Every basketball team needs guys who play roles well, like former Mav Eduardo Nájera, who brings defensive energy, and Adam Morrison, who in his time on the bench has developed a theatrical piece in which he plays every member of the Rolle family. Celebrating a breed that does one thing well and is clearly terrified of doing anything else, The Kingsbury Factor.
The absurdist not-Kevin-Love-child of a guy who spent his formative years in Plano, this NCAA-focused blog ranks American- & Canadian-born white ballers who specialize sometimes too much in 3s, based on this rigorous criteria: "percentage, number of attempts, strength of schedule, and the Kingsbury factor -- vaguely defined as how often said shooter applies the life lessons of former Iowa sharpshooter Chris Kingsbury to his own game". The Preseason Top 20 includes close-to-homers like barely-6' Arkansas ace Rotnei Clarke (whose name "sounds like a dare that nobody won") and Zach Urbanus, a 6'2" Citadel gunner who graduated from Austin Bowie, which the blogger insists is named after NBA bust Sam, who to be fair did spend most of his career under the knife. Other non-dunking, non-rebounding greats run from Cornell's Chris "Little Boy" Wroblewski (incidentally a huge One Tree Hill fan) to Davidson's Brendan McKillop, who "fills out the final spot essentially all based on the fact that he played with Steph Curry, and Steph might've touched him", thereby transferring his prowess osmosis-style -- if that's true, expect Glenn Beck to apocalyptically pronounce "there's never been a better time to invest in Golden State".

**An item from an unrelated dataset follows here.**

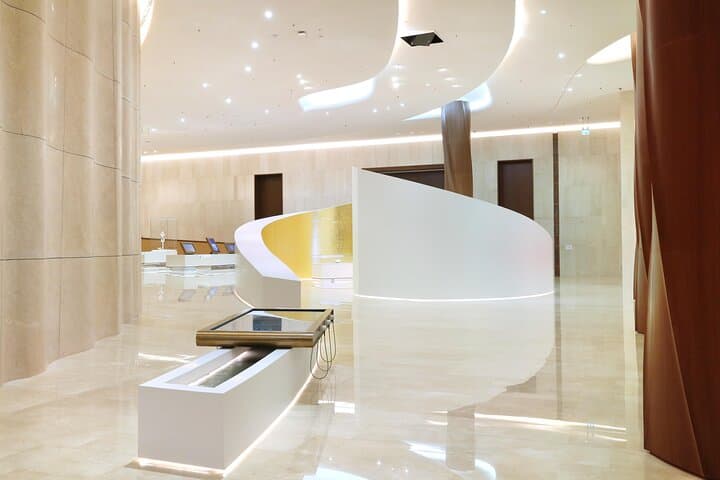 Private Etihad Museum Tour Dubai: Union House History & Optional Transfers photo 4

Beyond the Top 20, "Once and Future Kings(burys)" chronicles legends like Kentucky's mustachioed shooter-turned-mustachioed Agriculture Commissioner Richie Farmer, while forthcoming plans call for profiles of glamorous white-shooter hairstyles and white shooters from movies, including Teen Wolf's "Chubby" -- a role that, if there were a lawsuit disputing its greatness, would be granted Samari judgment in its favor.